City Council passed a package of bills Thursday that will they believe will help answer the need for more affordable housing in Philly.
The package includes an inclusionary zoning bill, which will give height, density, and size bonuses to developers who include affordable housing units in their construction. They can also pay money to the Housing Trust Fund (HTF) in lieu of actually building the units—money that would help fund affordable or middle-income housing.
Also included in the package was a bill that appropriates $19 million from the city’s general fund to the HTF in the next fiscal year, with plans to make additional payments over the next four years. A final bill in the package establishes that the money will be spent on affordable and middle-income housing projects.
Overall, council expects that $19 per year will be moved from the general fund to the HTF. That, along with the money generated by the inclusionary zoning bill, should amount to at least $20 million in the HTF each year, according to a release from the City Council President Darrell Clarke’s office Thursday.
Council’s nearly unanimous decision to pass the package of bills Thursday was met with public outrage from a group who attended the meeting.
Resident Tiffany Greene said the decision to give height bonuses to developers is detrimental to rowhome owners, who will be forced to see the buildings around them grow up to 60 feet.
“This bill needs to be done by district and not city-wide,” she added.
Other speakers urged council to make the inclusionary zoning bill mandatory, so developers have to create affordable housing units along with any new construction.
The contentious nature of the meeting was fitting, given the issue’s history.
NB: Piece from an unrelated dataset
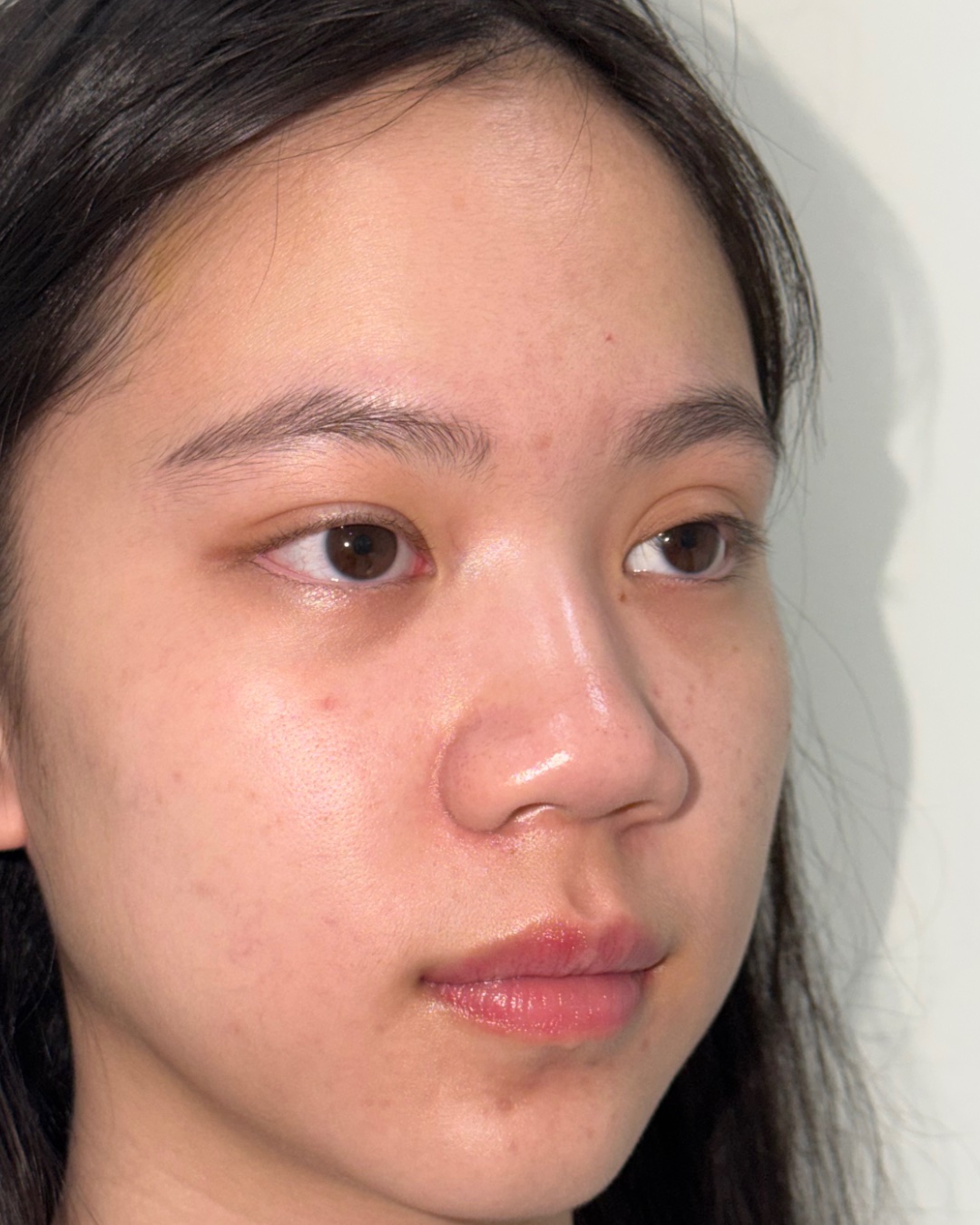 Before primary rhinoplasty with costal cartilage grafting, oblique view, Case 017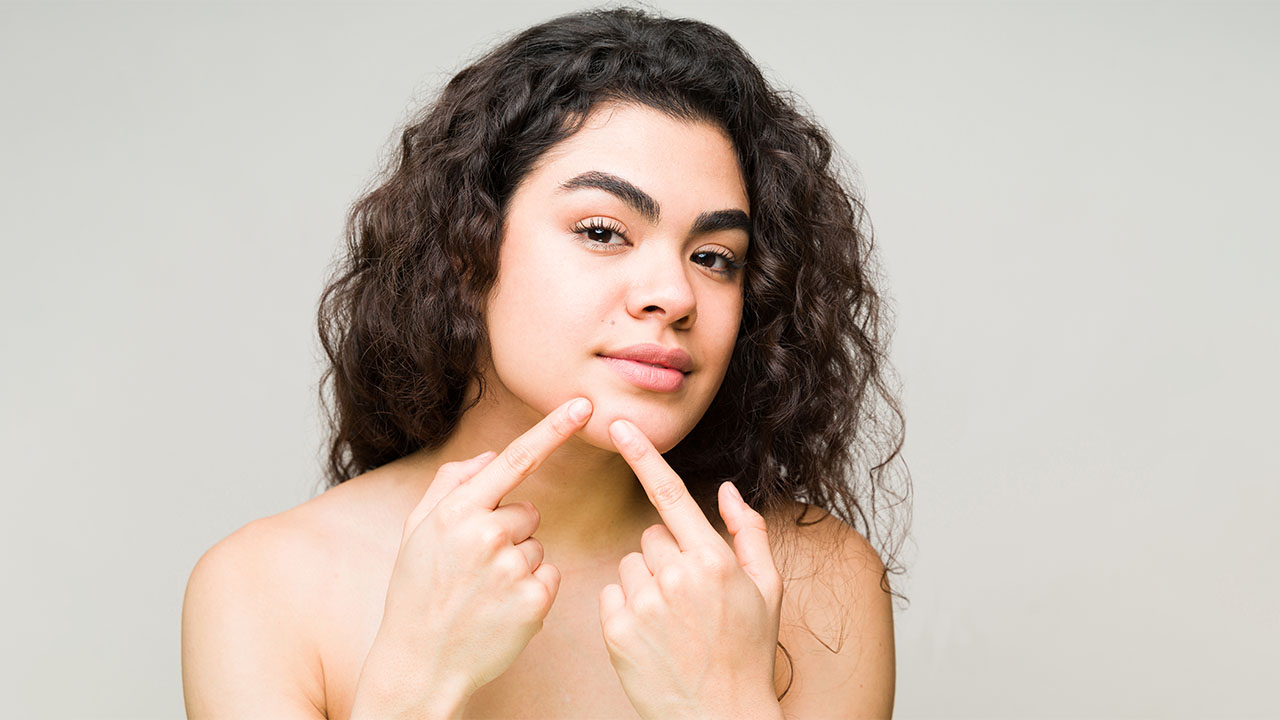 Комедоны: что это такое, почему появляются и как с ними справиться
Since council first started discussing ways to fund more affordable housing last year, the topic has drawn debate, controversy, and outrage. It reached a head this summer, when council members passed a controversial construction tax bill, which would put a 1 percent tax on all new construction in the city, with the resulting revenue going to the HTF to fund affordable housing measures.
It was speculated that Mayor Jim Kenney would veto the bill, but instead he and council members came to a compromise last month; Kenney promised that $53 million would be transferred from the general fund to the HTF over the course of five years. That, along with an estimated $18 million generated by a new inclusionary zoning bill, would help fund affordable housing.
But the compromise between mayor and council last month—which amounted to a total of $71 million to the HTF over five years—is a pretty far cry from council’s new $100 million promise. A representative for Kenney’s office did not immediately return a message for clarification on the $29 million discrepancy Thursday.
“City Council is committed to appropriate no less than $100 million to the Housing Trust Fund over the next five years,” Councilmember Maria Quinones-Sanchez emphasized following the meeting.